Backpropagation through a stochastic node is an important problem in deep learning. The optimization of $$\mathbb{E}_{q_\phi(\mathbf{z})}[f(\mathbf{z})]$$ requires computation of $$\nabla_\phi\mathbb{E}_{q_\phi(\mathbf{z})}[f(\mathbf{z})]$$. Stochastic variational inference requires the computation of the gradient of one such expectation.

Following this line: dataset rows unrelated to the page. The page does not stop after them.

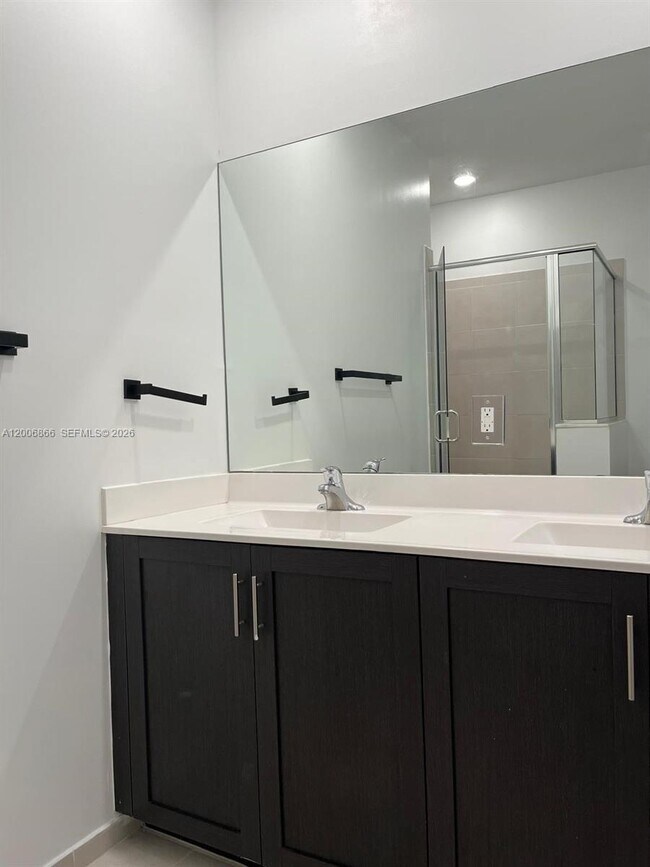 Building Photo - 2634 SE 12th St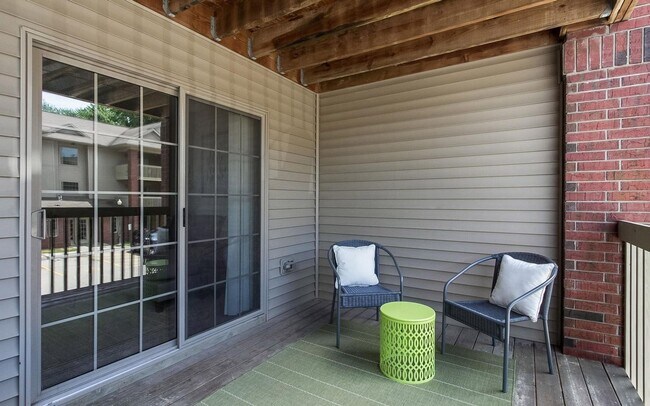 Photo - Large One Bedroom Walking Distance to UIHC on third floor, available: 09/01/2026 Unidad 1059-05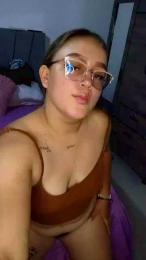 Helen_sf webcam model stream image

$$\definecolor{mBrown}{RGB}{188,99,16}$$ \begin{align*} \mathcal{L}(\mathbf{x},\theta, \phi) = \color{mBrown}{\mathbb{E}_{q_{\phi}(\mathbf{z}|\mathbf{x})}[\log p_\theta(\mathbf{x}|\mathbf{z})]} - \color{black}\mathrm{KL}(q_{\phi}(\mathbf{z}|\mathbf{x})||p(\mathbf{z})) \end{align*}

Earlier methods of gradient computation include score-function-based estimators (REINFORCE) and pathwise gradient estimators (reparameterization trick). Recent works have proposed using reparametrizable surrograte distributions such as Gumbel-Softmax for Categorical, Kumaraswamy for Beta, etc. Other recent works such as Generalized Reparameterization Gradients (GRG) and Rejection Sampling Variational Inference (RSVI) have sought to build a generalized framework for gradient computation.

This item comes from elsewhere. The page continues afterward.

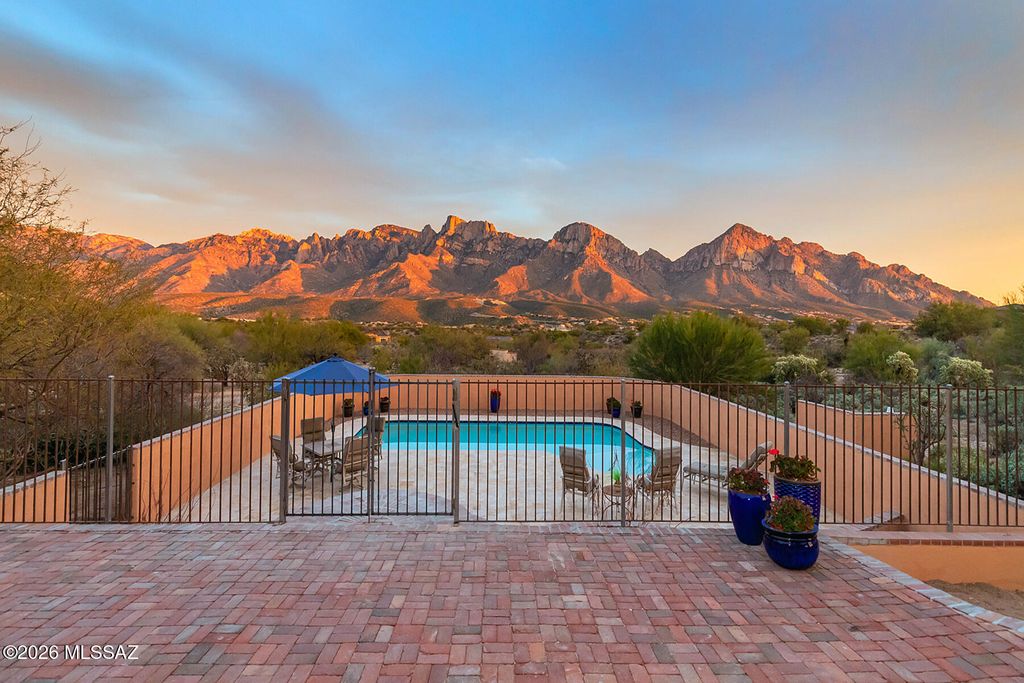 11402 N 1st Avenue, Oro Valley, AZ 85737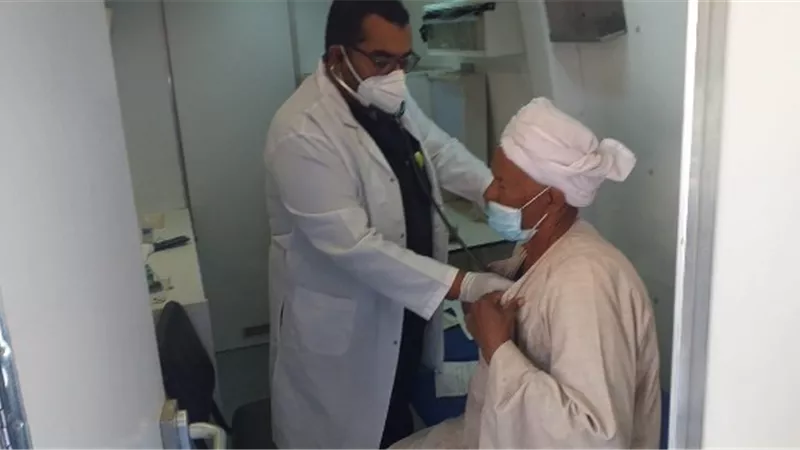 الكشف على ١٤٤٤ حالة خلال قافلة طبية بنجع العمدة بقوص.. بالصور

## Explicit Reparameterization

It requires a standardization function $$\mathcal{S}_\phi(\mathbf{z})$$ such that $$\mathcal{S}_\phi(\mathbf{z}) = \varepsilon \sim p(\varepsilon)$$. It also requires $$\mathcal{S}_\phi(\mathbf{z})$$ to be invertible. $$\mathbf{z}\sim q_\phi(\mathbf{z}) \Leftrightarrow \mathbf{z} = \mathcal{S}_\phi^{-1}(\varepsilon)$$ and $$\varepsilon \sim p(\varepsilon)$$.

\begin{align*} \nabla_\phi\mathbb{E}_{q_\phi(\mathbf{z})}[f(\mathbf{z})] &= \mathbb{E}_{q(\varepsilon)}[\nabla_\phi f(\mathcal{S}_\phi^{-1}(\varepsilon))]\\ &= \mathbb{E}_{q(\varepsilon)}[\nabla_\mathbf{z}f(\mathcal{S}_\phi^{-1}(\varepsilon))\nabla_\phi\mathcal{S}_\phi^{-1}(\varepsilon)] \end{align*}

## Implicit Reparameterization

Implicit Reparameterization eliminates the restrictive requirement of an invertible $$\mathcal{S}_\phi(\mathbf{z})$$.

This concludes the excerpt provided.